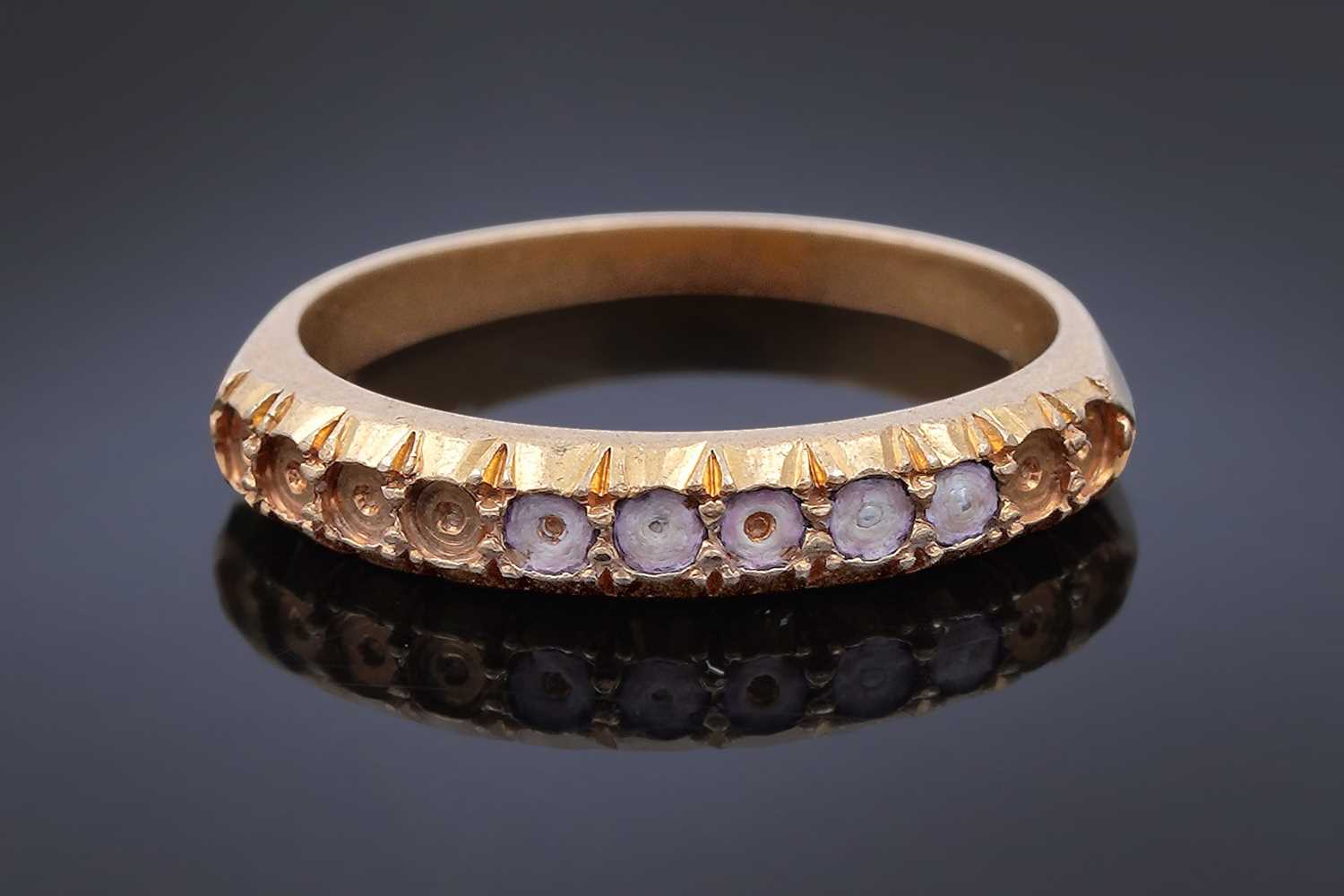 Lot 87 - A Victorian gold ring modelled after the antique | Discovered by a metal detectorist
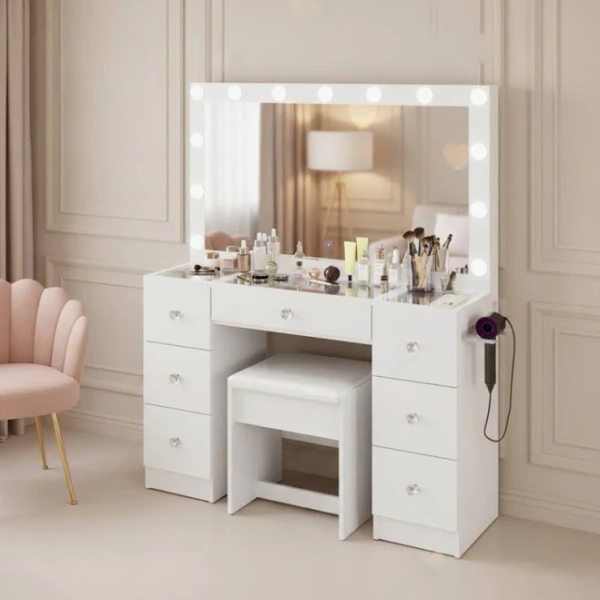 Boahaus Yara Large Lighted Makeup Vanity Desk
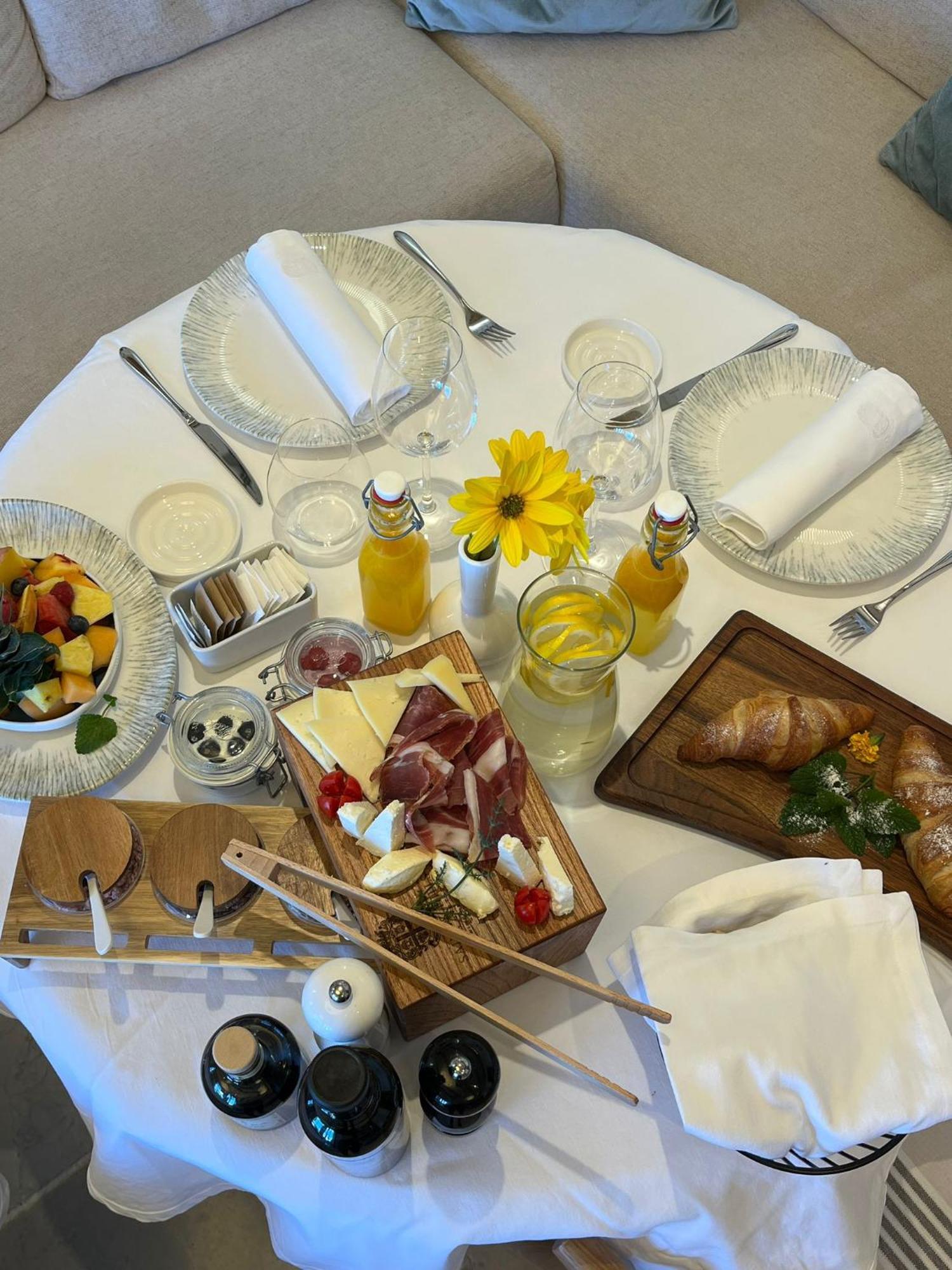 Saints Hills Cantina Višnjan Exteriör bild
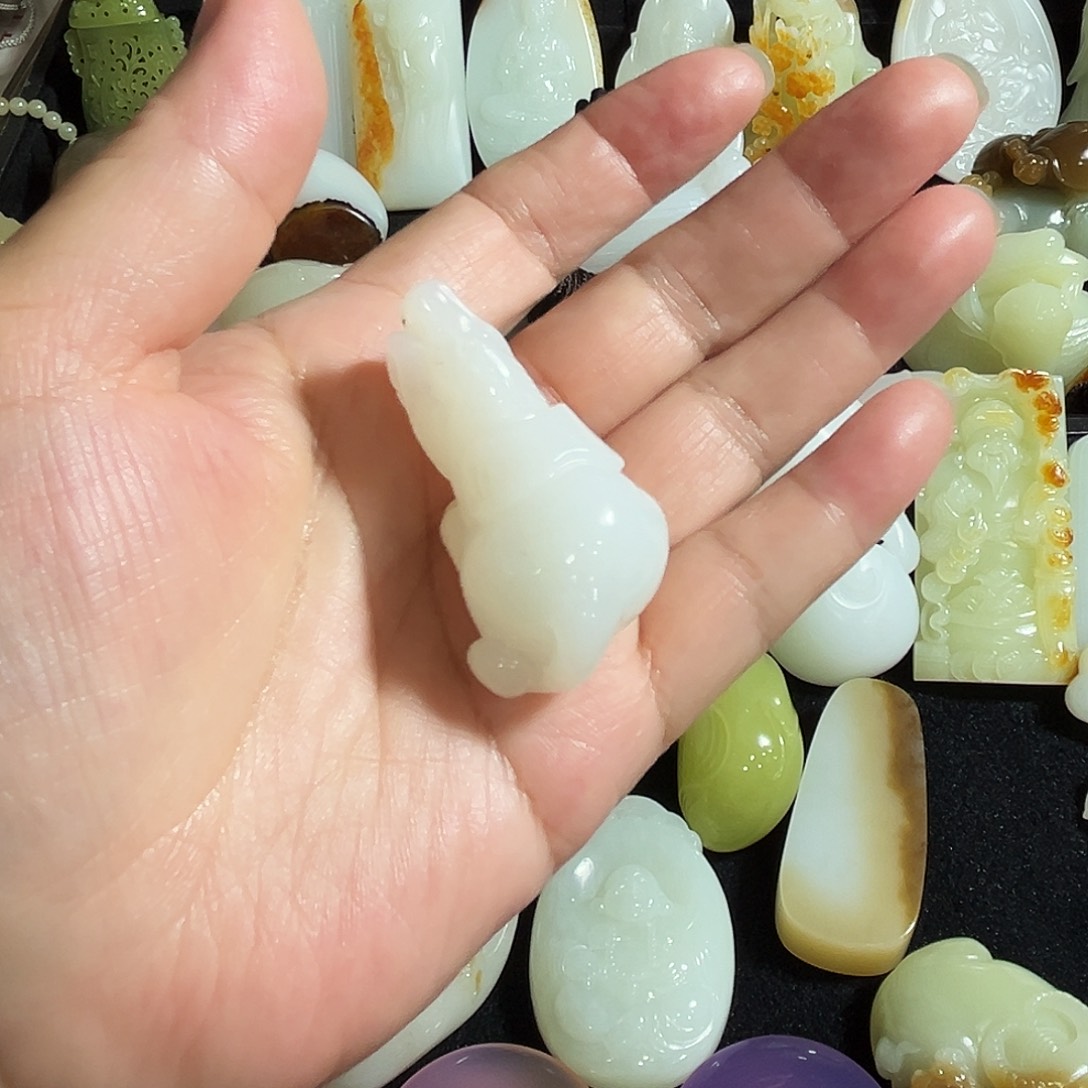 和田玉未镶嵌颈饰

|---|

REQUIREMENT:
Could you restate all of the data above word for word and skip every picture?

SOLVED EXERCISE:
 Lot 87 - A Victorian gold ring modelled after the antique | Discovered by a metal detectorist
 Boahaus Yara Large Lighted Makeup Vanity Desk
 Saints Hills Cantina Višnjan Exteriör bild
 和田玉未镶嵌颈饰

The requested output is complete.